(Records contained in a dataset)

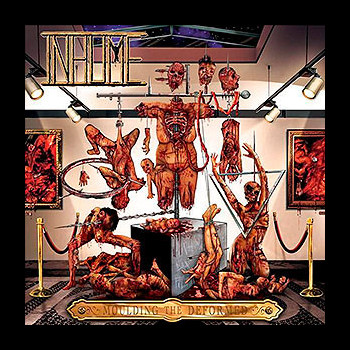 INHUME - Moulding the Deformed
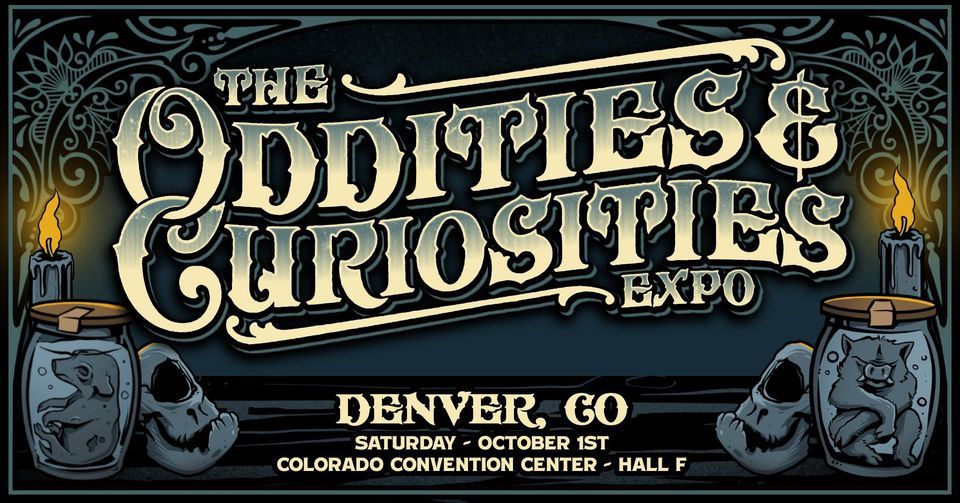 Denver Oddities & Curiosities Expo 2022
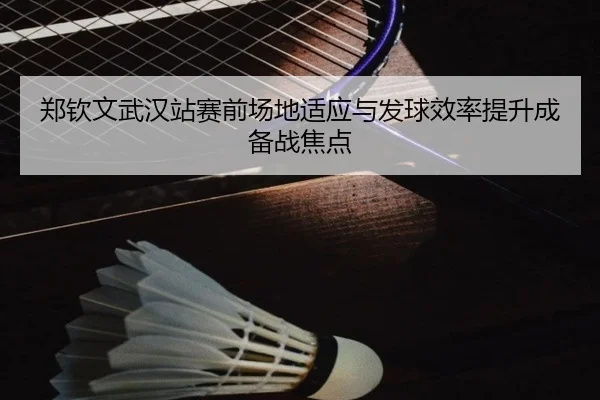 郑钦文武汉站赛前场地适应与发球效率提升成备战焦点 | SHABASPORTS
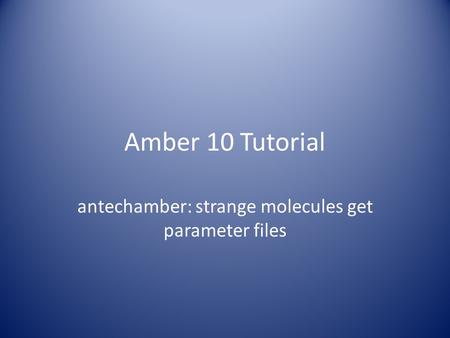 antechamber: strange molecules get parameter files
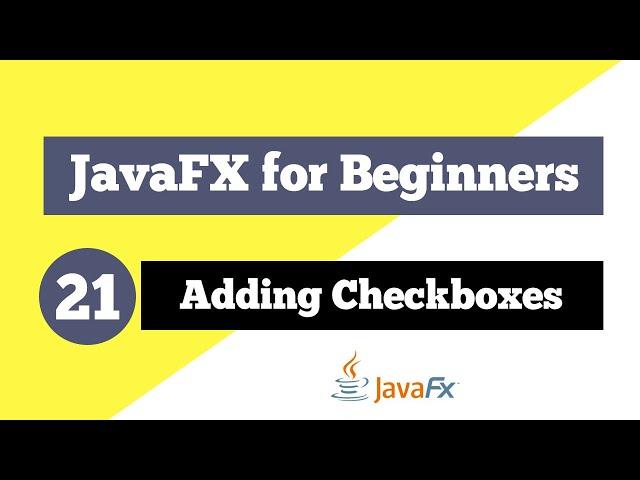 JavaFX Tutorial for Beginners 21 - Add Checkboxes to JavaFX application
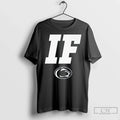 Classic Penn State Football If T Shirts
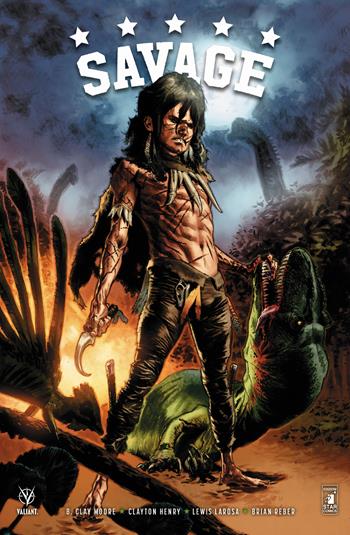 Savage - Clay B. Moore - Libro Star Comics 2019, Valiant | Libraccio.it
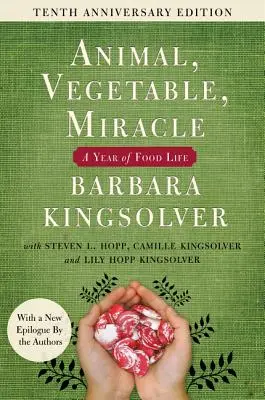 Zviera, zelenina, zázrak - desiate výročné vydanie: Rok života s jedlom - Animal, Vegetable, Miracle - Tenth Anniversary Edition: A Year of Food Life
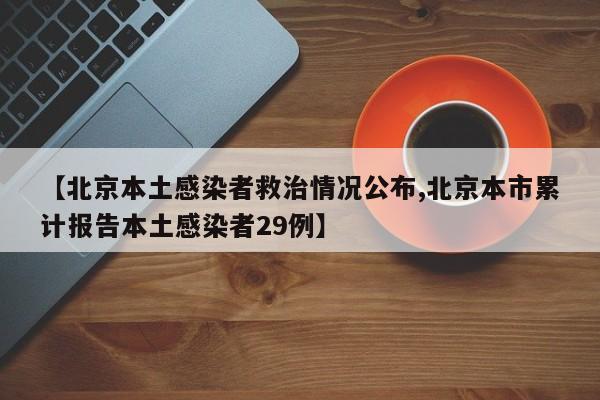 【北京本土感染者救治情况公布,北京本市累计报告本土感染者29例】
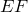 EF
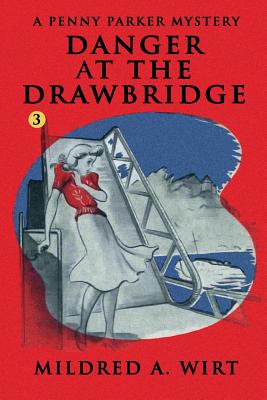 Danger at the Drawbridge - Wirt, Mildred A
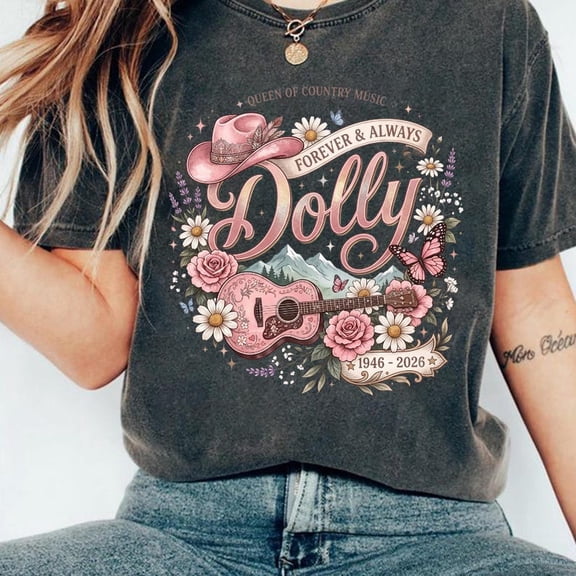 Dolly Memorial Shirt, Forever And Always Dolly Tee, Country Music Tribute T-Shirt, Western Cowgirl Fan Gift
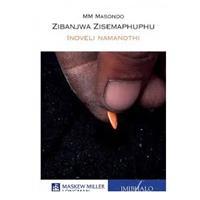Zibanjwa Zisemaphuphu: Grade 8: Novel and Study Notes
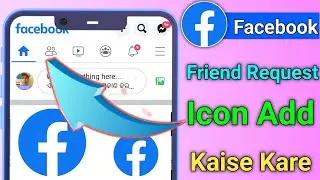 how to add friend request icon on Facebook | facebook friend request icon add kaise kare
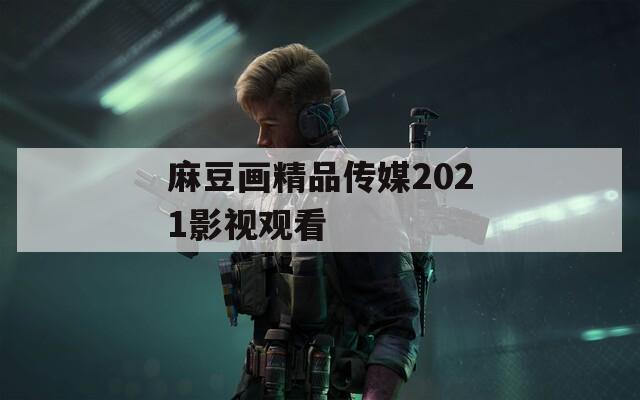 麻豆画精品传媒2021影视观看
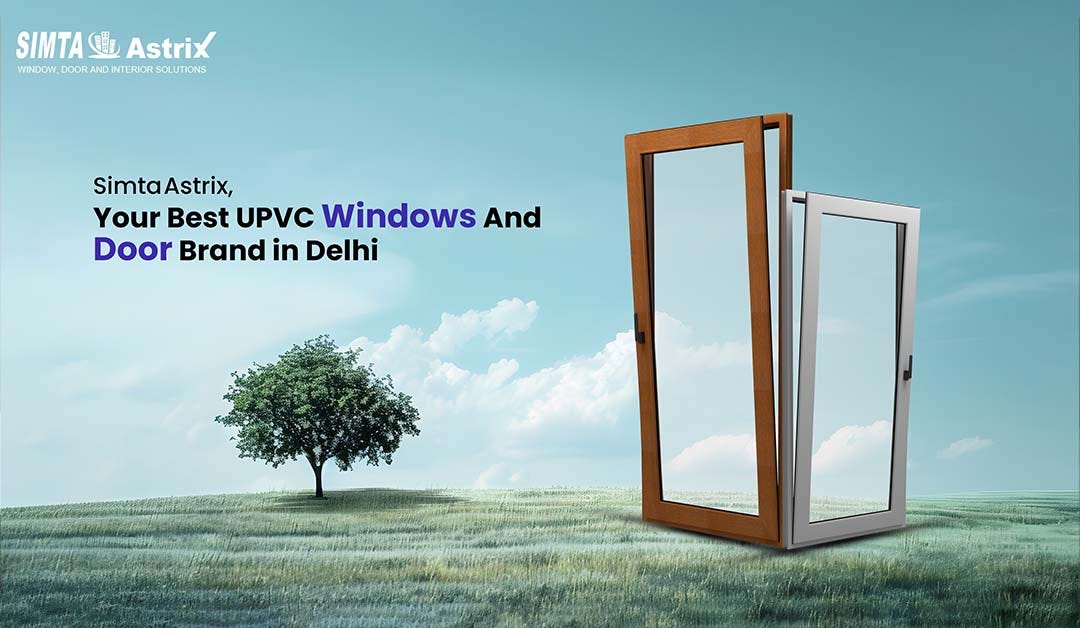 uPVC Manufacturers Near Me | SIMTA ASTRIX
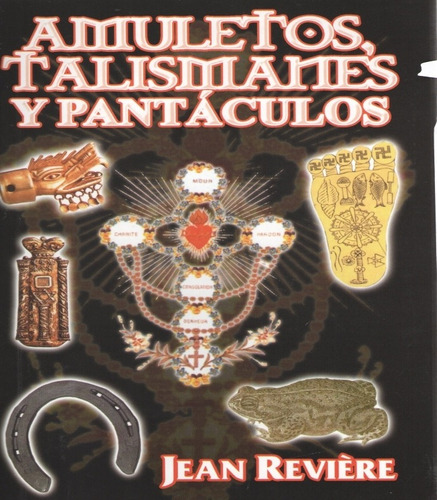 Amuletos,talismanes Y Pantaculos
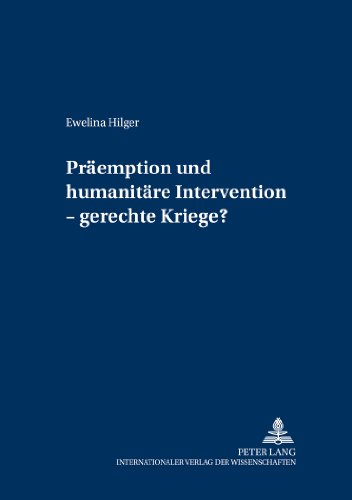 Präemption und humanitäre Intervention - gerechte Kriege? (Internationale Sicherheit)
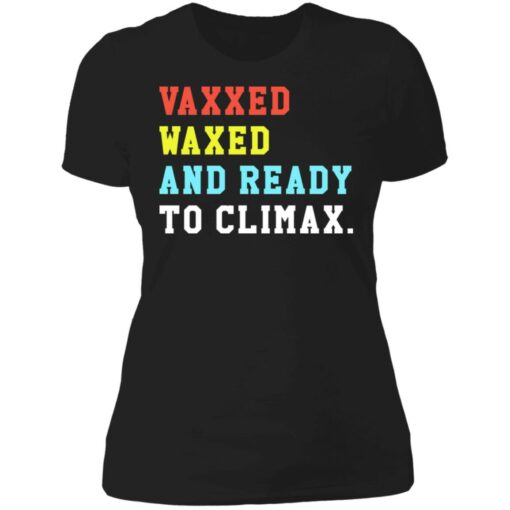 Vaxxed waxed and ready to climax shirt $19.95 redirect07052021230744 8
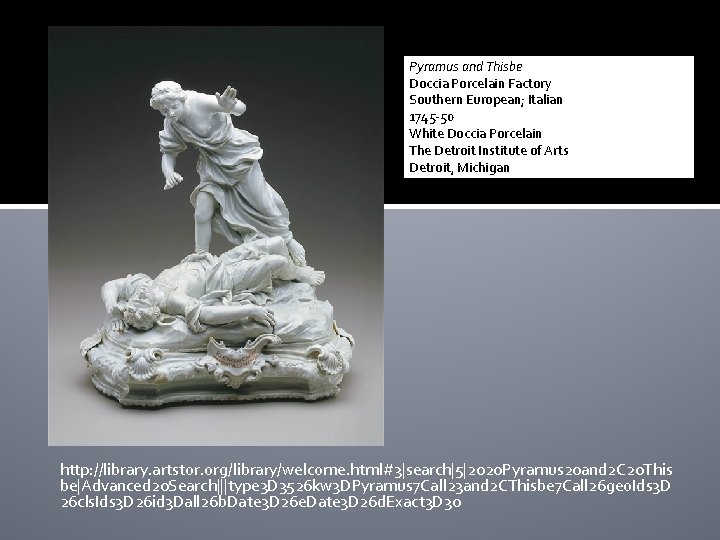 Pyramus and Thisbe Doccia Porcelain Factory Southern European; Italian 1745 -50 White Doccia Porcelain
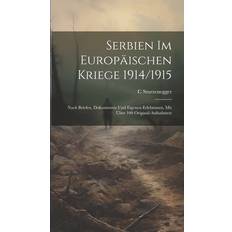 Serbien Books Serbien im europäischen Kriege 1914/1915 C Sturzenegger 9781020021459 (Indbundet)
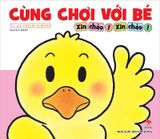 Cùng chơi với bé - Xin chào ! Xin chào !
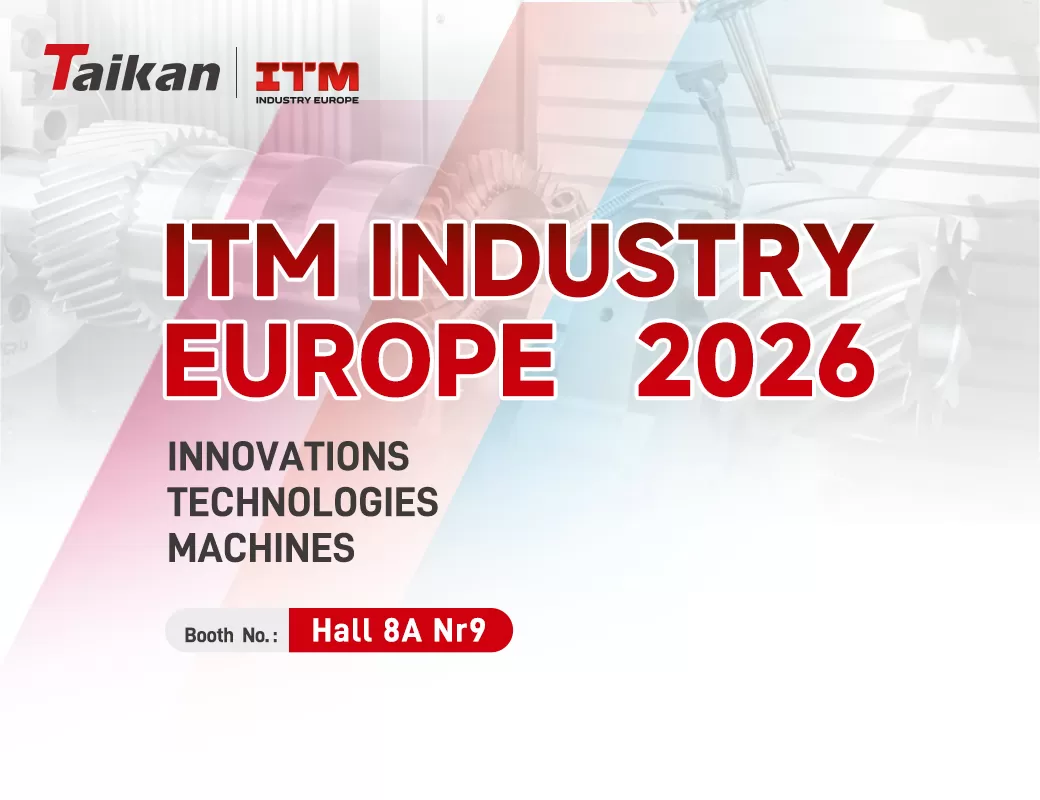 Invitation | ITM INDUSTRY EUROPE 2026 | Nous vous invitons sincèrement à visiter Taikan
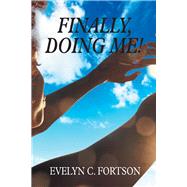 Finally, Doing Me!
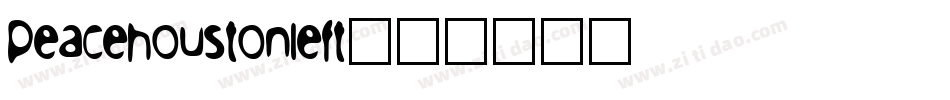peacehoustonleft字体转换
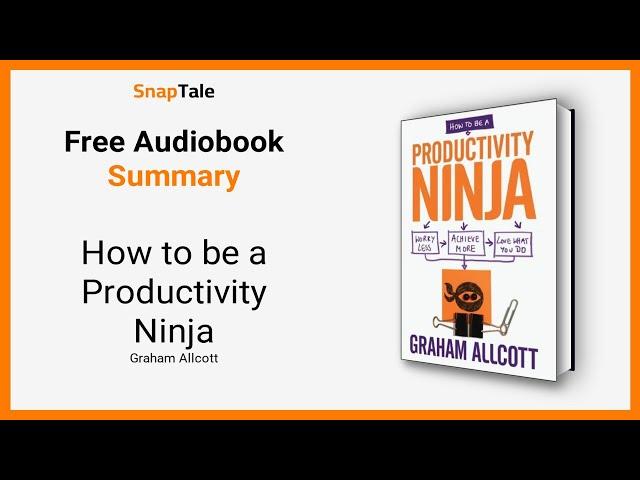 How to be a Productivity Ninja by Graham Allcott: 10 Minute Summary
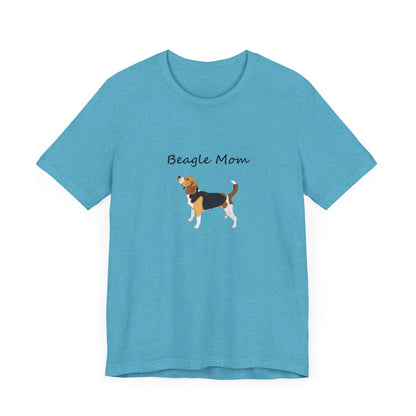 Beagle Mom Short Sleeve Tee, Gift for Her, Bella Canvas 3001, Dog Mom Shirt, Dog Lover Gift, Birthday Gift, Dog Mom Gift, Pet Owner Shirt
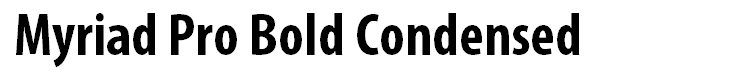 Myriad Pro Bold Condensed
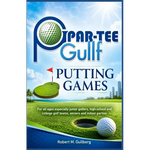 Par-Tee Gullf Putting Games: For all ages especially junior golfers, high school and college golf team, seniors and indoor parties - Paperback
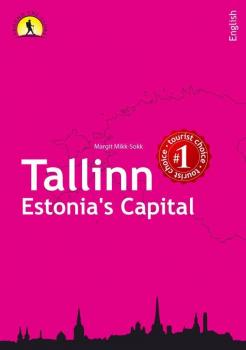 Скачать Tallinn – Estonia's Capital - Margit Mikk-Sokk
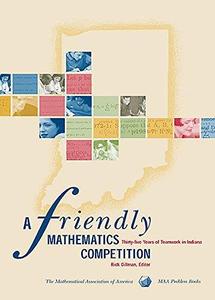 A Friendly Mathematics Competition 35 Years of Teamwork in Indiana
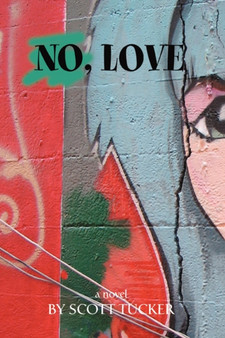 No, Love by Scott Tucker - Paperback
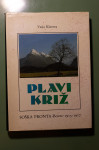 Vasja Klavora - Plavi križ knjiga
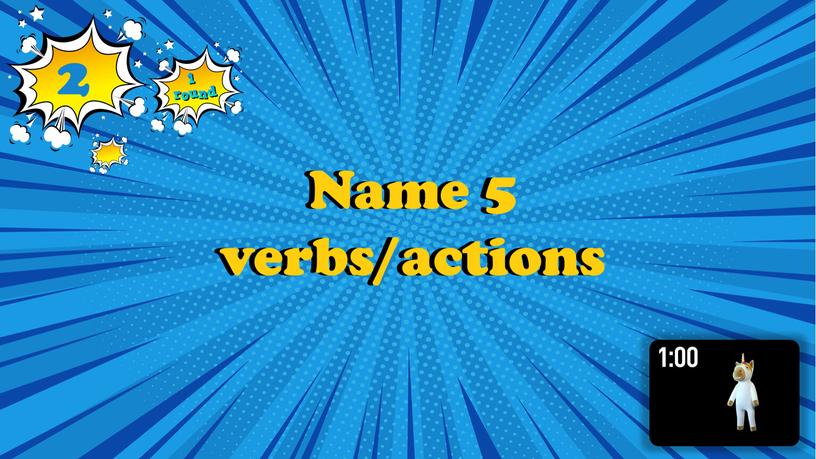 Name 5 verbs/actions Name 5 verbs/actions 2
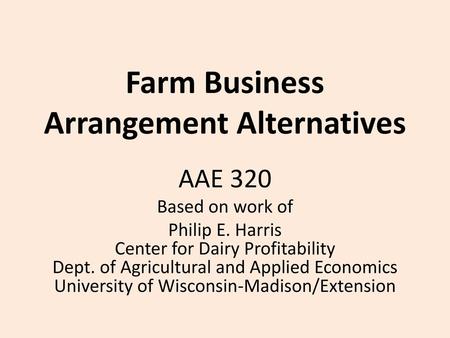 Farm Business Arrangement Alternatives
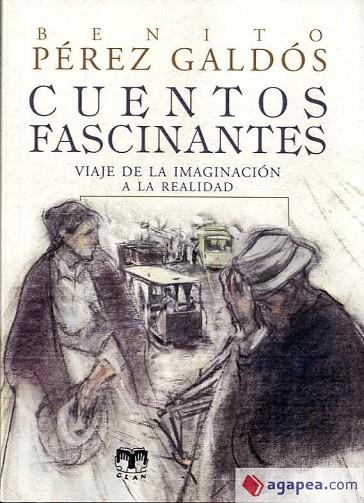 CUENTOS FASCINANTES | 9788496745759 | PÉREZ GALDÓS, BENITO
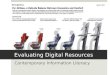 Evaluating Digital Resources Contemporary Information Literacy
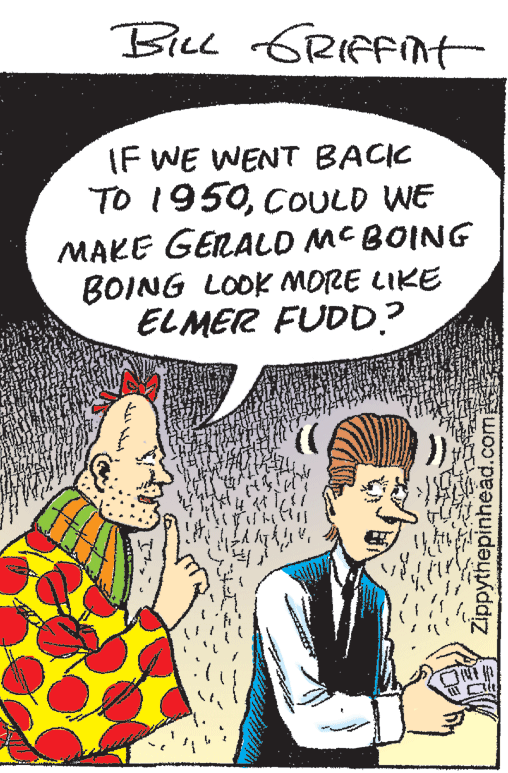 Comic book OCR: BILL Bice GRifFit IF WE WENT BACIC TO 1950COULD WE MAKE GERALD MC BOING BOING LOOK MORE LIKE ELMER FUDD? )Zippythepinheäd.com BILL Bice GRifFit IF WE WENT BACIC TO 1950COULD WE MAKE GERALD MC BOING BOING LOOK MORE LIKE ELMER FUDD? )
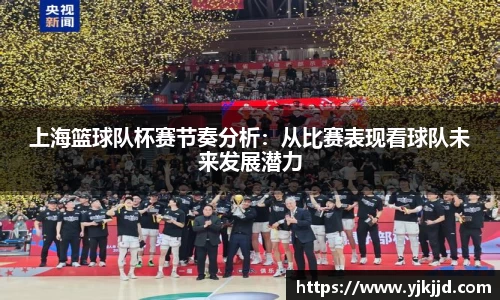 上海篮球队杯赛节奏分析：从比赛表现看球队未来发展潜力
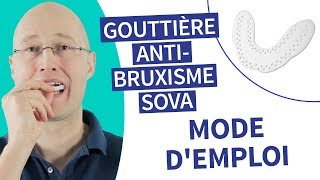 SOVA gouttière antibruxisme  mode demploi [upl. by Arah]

=== What this task involves ===
Using the data above, retype exactly and only the lines from the one containing "麻豆画精品传媒2021影视观看" up to and including the one containing "No, Love by Scott Tucker - Paperback", with no pictures carried over.

=== Task response ===
 麻豆画精品传媒2021影视观看
 uPVC Manufacturers Near Me | SIMTA ASTRIX
 Amuletos,talismanes Y Pantaculos
 Präemption und humanitäre Intervention - gerechte Kriege? (Internationale Sicherheit)
 Vaxxed waxed and ready to climax shirt $19.95 redirect07052021230744 8
 Pyramus and Thisbe Doccia Porcelain Factory Southern European; Italian 1745 -50 White Doccia Porcelain
 Serbien Books Serbien im europäischen Kriege 1914/1915 C Sturzenegger 9781020021459 (Indbundet)
 Cùng chơi với bé - Xin chào ! Xin chào !
 Invitation | ITM INDUSTRY EUROPE 2026 | Nous vous invitons sincèrement à visiter Taikan
 Finally, Doing Me!
peacehoustonleft字体转换
 How to be a Productivity Ninja by Graham Allcott: 10 Minute Summary
 Beagle Mom Short Sleeve Tee, Gift for Her, Bella Canvas 3001, Dog Mom Shirt, Dog Lover Gift, Birthday Gift, Dog Mom Gift, Pet Owner Shirt
 Myriad Pro Bold Condensed
 Par-Tee Gullf Putting Games: For all ages especially junior golfers, high school and college golf team, seniors and indoor parties - Paperback
 Скачать Tallinn – Estonia's Capital - Margit Mikk-Sokk
 A Friendly Mathematics Competition 35 Years of Teamwork in Indiana
 No, Love by Scott Tucker - Paperback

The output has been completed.